Posted at 10:39 AM ET, 07/08/2013
By Linda Wheeler
PBS’s ‘Rebel’ is lovely, but flawed
“Rebel,”an artful but controversial documentary on Confederate soldier and Union spy Loreta Janeta Velazquez, will premiere at 9 p.m. Tuesday, on Maryland PTV. It is based on her 1876 memoir, “A Woman in Battle,” where the Cuban woman writes about disguising herself as a Confederate solider and fighting in the battles of Manassas, Ball’s Bluff, Shiloh and at the siege of Fort Donaldson.She later became a Union spy and a blockade runner.

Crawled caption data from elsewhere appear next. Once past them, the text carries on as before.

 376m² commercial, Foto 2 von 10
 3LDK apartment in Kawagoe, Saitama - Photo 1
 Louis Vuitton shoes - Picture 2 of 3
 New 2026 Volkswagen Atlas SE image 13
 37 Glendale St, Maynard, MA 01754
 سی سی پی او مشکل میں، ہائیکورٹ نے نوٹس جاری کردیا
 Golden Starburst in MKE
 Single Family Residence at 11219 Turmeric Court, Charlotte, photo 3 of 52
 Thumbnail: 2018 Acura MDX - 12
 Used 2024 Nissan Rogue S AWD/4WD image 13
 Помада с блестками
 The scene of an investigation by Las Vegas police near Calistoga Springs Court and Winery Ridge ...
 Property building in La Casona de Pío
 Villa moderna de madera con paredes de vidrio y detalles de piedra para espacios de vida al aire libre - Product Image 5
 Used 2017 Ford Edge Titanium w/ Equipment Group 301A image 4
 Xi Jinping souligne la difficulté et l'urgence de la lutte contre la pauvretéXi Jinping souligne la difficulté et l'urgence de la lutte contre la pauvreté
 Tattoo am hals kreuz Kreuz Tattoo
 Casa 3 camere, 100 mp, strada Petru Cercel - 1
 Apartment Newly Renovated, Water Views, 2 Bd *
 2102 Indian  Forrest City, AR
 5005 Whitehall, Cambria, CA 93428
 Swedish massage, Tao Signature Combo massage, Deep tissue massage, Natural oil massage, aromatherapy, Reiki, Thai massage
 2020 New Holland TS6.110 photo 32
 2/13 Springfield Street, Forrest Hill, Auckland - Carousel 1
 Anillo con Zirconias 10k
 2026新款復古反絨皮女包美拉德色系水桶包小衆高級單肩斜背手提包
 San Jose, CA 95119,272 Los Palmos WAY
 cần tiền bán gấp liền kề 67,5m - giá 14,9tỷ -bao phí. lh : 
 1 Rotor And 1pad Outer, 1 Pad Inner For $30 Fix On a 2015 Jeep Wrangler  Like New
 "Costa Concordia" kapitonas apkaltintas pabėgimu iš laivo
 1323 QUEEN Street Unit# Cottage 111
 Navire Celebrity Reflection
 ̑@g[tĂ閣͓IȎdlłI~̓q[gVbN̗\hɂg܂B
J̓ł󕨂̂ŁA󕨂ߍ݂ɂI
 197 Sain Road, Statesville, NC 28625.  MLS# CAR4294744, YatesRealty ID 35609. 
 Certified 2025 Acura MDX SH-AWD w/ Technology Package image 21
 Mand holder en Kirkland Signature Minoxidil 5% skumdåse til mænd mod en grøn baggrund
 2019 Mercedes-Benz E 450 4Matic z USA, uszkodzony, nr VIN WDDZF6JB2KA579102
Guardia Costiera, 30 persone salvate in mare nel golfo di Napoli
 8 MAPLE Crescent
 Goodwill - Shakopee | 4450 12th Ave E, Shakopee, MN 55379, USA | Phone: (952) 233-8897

PBS, in a news release asks, “And what made her so dangerous that she has been virtually erased from history?” It may be because, Velazquez, as she appears in the film, is not very credible. In the documentary, camp life for her was a solitary affair where she slept apart from the other soldiers under a clean blanket and emerged from bed in strikingly clean clothes. She bought a slave named “Bob” whom she armed and turned into a protector and fellow soldier. There is no indication that this upset those battle hardened soldiers in her unit who are fighting for the Confederacy and a way of life that included slavery. Newly found documents at the National Archives are cited in the news release as “proving she did indeed exist,” but not that she was ever a soldier in the field. The files speak to her work as a Union spy. The film is a beauty, with exquisite clothing and subtle colors. Many of the battle scenes were shot at the locations where they took place. The accompanying music works perfectly with the images. And there is the
usual assortment of historians and experts speaking about the times and the role women were expected to play.
No doubt there were women who fought as soldiers in the Union and the Confederacy. There also should be little doubt that Velasquez existed. As to this special presentation of the Latino Public Broadcasting series “Voices on PBS,” decide for yourself if Velazquez really was who she says she was.